During last summer’s trial of former HealthSouth Corp. chief executive officer Richard Scrushy, he received considerable support from many Alabamans, as well as in The Birmingham Times.
Now it appears that Scrushy, who was acquitted for his role in HealthSouth’s $2.7 billion accounting scandal, may have paid for that support.
Audry Lewis, who wrote articles favorable to Scrushy for the Times, says Scrushy secretly paid her $11,000 through a public relations firm and typically read her articles before they were published, according to the Associated Press.

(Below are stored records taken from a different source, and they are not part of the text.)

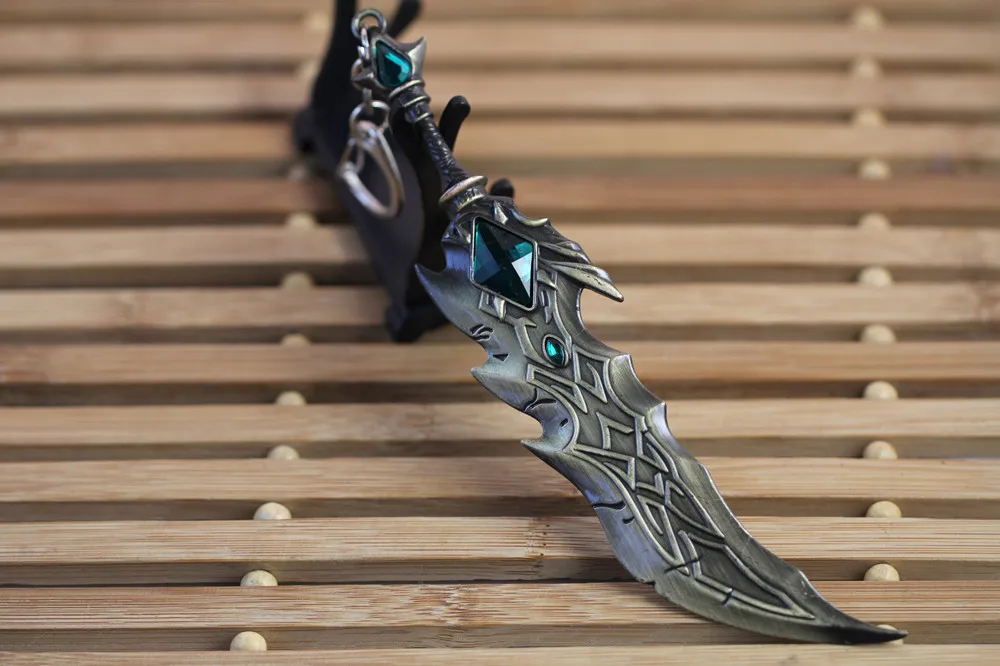 

17cm Fashion Jewelry League Of Legends Weapon lol Keychain Tryndamere Keychain Weapon Model Keychain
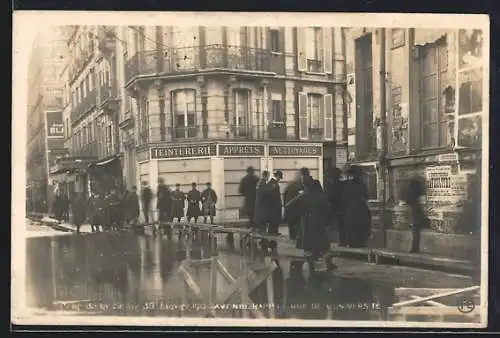 AK Paris, Crue de la Seine, Janvier 1910, Avenue Rapp et Ave. de l`Université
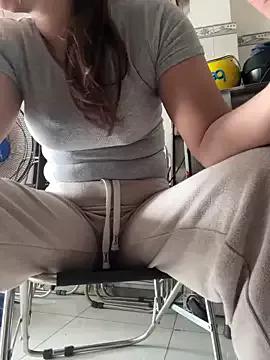 Explore our live girls sluts from our Custom and Multi clubs and checkout exclusive access to highly interactive content, such as shape, hair, titties, pussy type and many more.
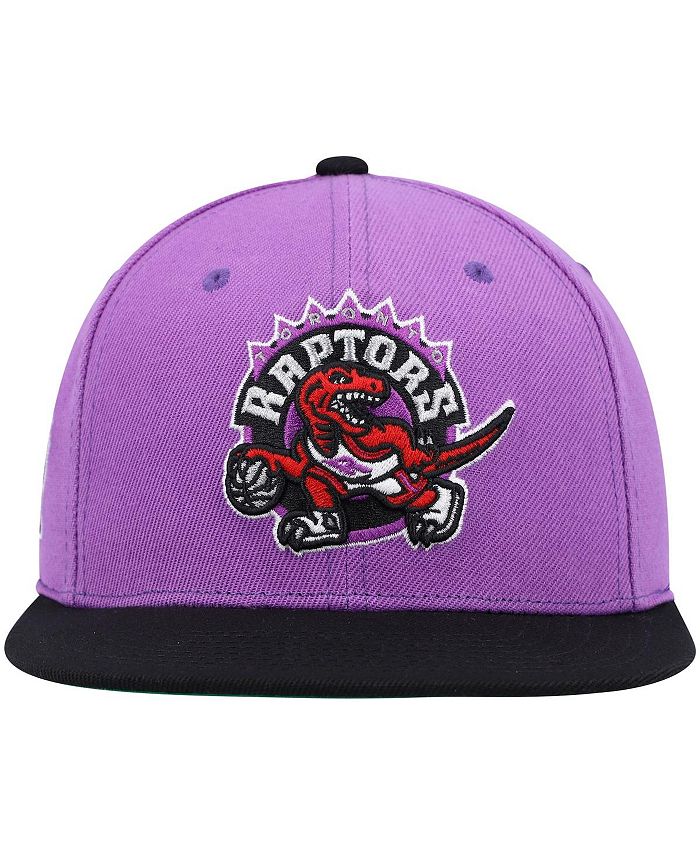 Mitchell & Ness Toronto Raptors Hardwood Classics Dynasty Yellow Toe Fitted Cap - 2-Tone Hat - View #9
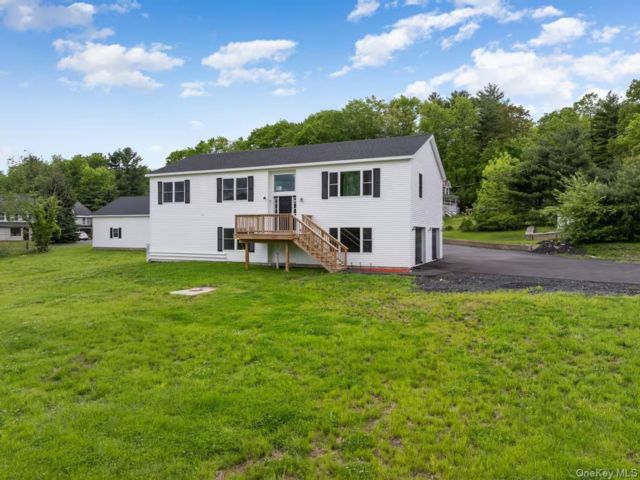  3 BR,  3.00 BTH &nbsp;Other style home in Sparrowbush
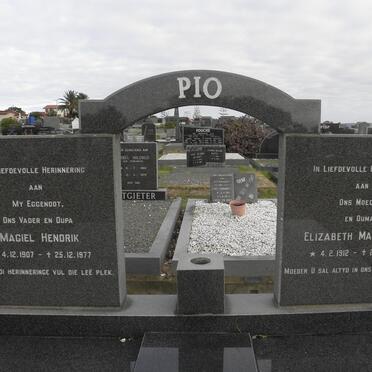 PIO Magiel Hendrik 1907-1977 &amp; Elizabeth Magdalena 1912-1988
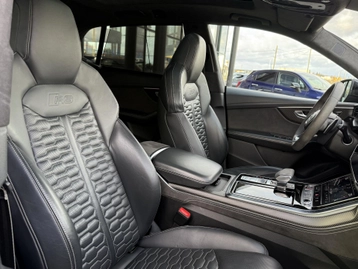 Image véhicule  Audi RS Q8 (36)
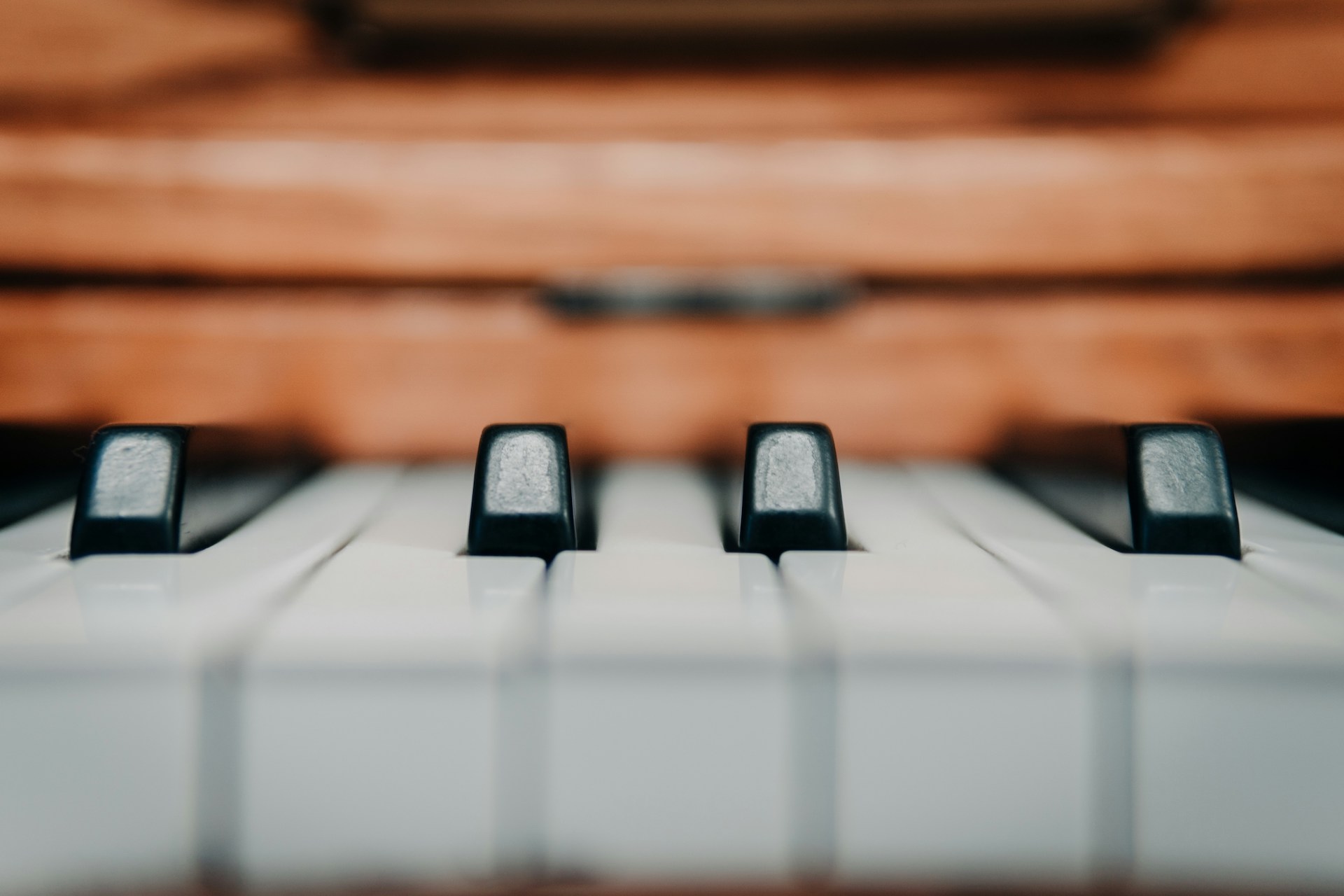 Audiobird: en ningún otro lugar están tan cerca los productores de audio, los locutores y los compositores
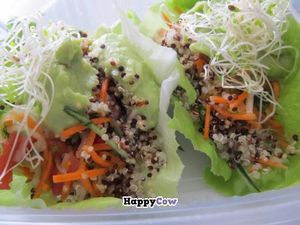 Raw vegan wraps at Yami in Lima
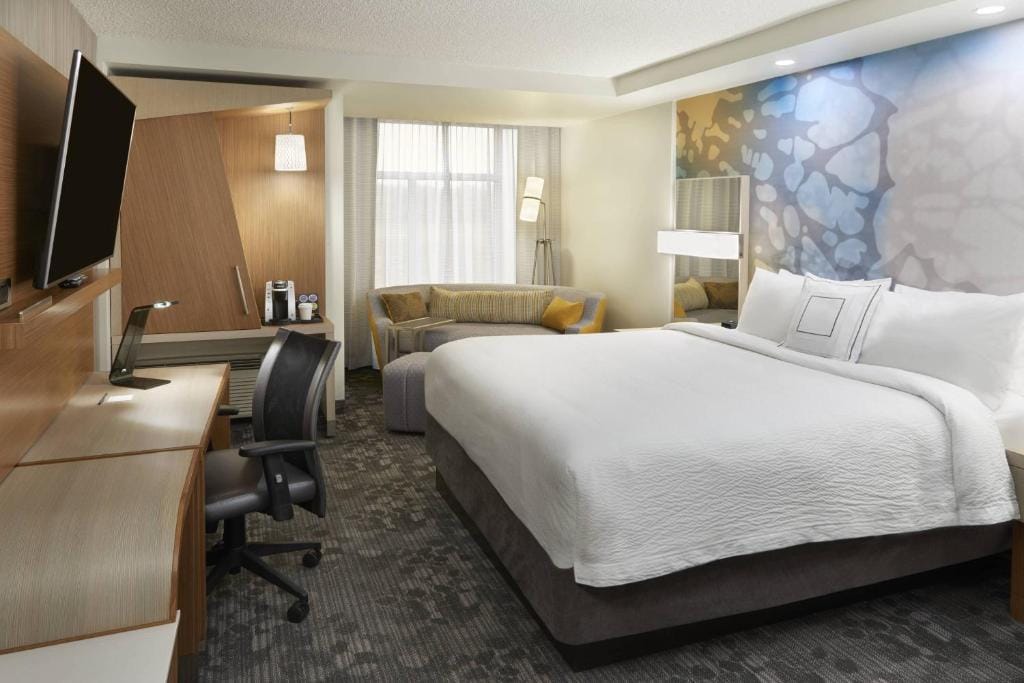 Courtyard by Marriott Oshawa — 1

Citing documents it obtained, the AP reported that public relations firm The Lewis Group wrote a $5,000 check to Audry Lewis on April 29, 2005, the day Scrushy hired the company (The namesake of the PR firm is not related to the journalist, noted the AP.) Another $5,000 check was written to the Rev. Herman Henderson, who employs Lewis at his Believers Temple Church — and who was one of a number of black preachers who supported Scrushy and regularly attended the trial, the wire service added.
After Scrushy hired the PR firm, reported the AP, Lewis’s stories moved to the front page. One such story, published the day jurors got the case, stated that “pastors and community leaders have rallied around Scrushy showing him the support of the Christian and African American community.”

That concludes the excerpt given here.